That’s where we seem to be headed. Our credo has become, “I don’t think I can handle this on my own.” We are timid, riddled by self-doubt and fanatical about micromanaging life’s vicissitudes. I don’t really think my friend’s daughter needs a private tutor for a pretest for a pretest. I think my friend needs to get her daughter that private tutor so she feels that some part of her life is under control.

Remember the tagline from the 1986 horror movie “The Fly”? “Be afraid. Be very afraid.”

We are, and we can’t quite figure out what to do about it. George W. Bush tells us that everything is going just fine -- and people are so terrified of change that they intend to vote for him even as they disagree with him. John F. Kerry says that not much of anything is going fine but he can fix it -- yet people are reluctant to vote for him because he is less likable, as though we’re electing a dad, not a commander in chief.

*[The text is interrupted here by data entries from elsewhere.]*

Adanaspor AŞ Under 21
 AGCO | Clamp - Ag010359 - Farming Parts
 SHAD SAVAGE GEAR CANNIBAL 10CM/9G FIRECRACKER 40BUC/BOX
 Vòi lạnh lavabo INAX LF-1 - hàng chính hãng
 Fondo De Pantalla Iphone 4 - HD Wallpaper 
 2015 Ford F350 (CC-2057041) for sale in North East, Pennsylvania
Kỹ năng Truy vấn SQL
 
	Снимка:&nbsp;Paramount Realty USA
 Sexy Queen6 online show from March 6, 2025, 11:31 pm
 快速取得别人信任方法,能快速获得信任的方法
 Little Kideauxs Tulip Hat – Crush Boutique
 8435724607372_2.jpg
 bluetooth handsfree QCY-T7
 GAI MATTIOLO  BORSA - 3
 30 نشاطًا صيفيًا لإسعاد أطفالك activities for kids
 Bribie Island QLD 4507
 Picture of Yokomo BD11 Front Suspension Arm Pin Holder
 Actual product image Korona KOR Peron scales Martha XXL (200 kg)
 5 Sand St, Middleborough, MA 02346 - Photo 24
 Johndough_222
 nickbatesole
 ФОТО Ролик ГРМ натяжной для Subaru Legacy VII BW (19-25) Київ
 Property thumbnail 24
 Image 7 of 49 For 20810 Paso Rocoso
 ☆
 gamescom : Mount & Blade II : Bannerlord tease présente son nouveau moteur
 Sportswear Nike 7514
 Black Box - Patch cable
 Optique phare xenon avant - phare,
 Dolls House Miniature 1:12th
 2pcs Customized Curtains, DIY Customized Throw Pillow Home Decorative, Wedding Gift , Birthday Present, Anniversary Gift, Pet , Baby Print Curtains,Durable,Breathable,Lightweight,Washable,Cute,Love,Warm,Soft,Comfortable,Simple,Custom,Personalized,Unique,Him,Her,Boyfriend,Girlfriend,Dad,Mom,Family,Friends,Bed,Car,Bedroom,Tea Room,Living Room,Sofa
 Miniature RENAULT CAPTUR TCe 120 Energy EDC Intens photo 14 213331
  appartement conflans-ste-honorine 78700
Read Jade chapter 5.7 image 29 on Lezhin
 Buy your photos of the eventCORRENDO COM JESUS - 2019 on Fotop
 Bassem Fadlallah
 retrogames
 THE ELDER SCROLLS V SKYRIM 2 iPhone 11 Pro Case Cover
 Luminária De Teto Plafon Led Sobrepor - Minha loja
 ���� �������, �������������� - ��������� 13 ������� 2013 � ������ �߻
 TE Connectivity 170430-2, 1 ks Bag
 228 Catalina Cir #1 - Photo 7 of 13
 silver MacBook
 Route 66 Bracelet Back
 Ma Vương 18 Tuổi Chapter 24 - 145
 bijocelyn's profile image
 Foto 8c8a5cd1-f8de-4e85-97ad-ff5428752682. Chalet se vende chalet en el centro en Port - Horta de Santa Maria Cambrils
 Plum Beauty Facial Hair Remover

Many of us probably are looking for a dad. In scary times, we regress. We take comfort in the buffers that protect us from the smallest blow, whether it is the tap of a car bumper at 2 miles an hour or an espresso that’s not quite as good as yesterday’s. We don’t allow ourselves to be ambushed by a stealth carbohydrate, and we call that victory -- though we used to know (when we felt more self-confident) that we could survive the occasional bagel with cream cheese.

In our youth-obsessed culture, we like to say that 50 is the new 30, but we’re acting as though 30 were the new 80. I may ask the car dealer if there’s some way to disconnect its reverse sensor, so I can be my own woman again.